-- Try it --
Give back all of the data exactly. Leave nothing out.
_____
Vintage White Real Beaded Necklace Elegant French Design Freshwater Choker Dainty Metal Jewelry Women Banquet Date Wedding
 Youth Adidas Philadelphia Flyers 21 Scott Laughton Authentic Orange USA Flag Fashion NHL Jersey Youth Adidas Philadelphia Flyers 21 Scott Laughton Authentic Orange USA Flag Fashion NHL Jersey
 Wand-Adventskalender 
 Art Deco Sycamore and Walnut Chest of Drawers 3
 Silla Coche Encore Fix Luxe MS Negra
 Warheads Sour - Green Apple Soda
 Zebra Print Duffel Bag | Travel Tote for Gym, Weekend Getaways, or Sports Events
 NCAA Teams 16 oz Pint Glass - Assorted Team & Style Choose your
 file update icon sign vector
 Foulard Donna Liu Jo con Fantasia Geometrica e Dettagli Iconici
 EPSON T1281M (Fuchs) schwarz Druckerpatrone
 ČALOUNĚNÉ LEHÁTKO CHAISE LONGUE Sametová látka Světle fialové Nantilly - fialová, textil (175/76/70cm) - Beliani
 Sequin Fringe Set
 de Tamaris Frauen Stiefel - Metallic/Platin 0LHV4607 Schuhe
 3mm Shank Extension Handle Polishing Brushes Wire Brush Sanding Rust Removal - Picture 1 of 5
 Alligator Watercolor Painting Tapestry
_____
-- Finished task --
Vintage White Real Beaded Necklace Elegant French Design Freshwater Choker Dainty Metal Jewelry Women Banquet Date Wedding
 Youth Adidas Philadelphia Flyers 21 Scott Laughton Authentic Orange USA Flag Fashion NHL Jersey Youth Adidas Philadelphia Flyers 21 Scott Laughton Authentic Orange USA Flag Fashion NHL Jersey
 Wand-Adventskalender 
 Art Deco Sycamore and Walnut Chest of Drawers 3
 Silla Coche Encore Fix Luxe MS Negra
 Warheads Sour - Green Apple Soda
 Zebra Print Duffel Bag | Travel Tote for Gym, Weekend Getaways, or Sports Events
 NCAA Teams 16 oz Pint Glass - Assorted Team & Style Choose your
 file update icon sign vector
 Foulard Donna Liu Jo con Fantasia Geometrica e Dettagli Iconici
 EPSON T1281M (Fuchs) schwarz Druckerpatrone
 ČALOUNĚNÉ LEHÁTKO CHAISE LONGUE Sametová látka Světle fialové Nantilly - fialová, textil (175/76/70cm) - Beliani
 Sequin Fringe Set
 de Tamaris Frauen Stiefel - Metallic/Platin 0LHV4607 Schuhe
 3mm Shank Extension Handle Polishing Brushes Wire Brush Sanding Rust Removal - Picture 1 of 5
 Alligator Watercolor Painting Tapestry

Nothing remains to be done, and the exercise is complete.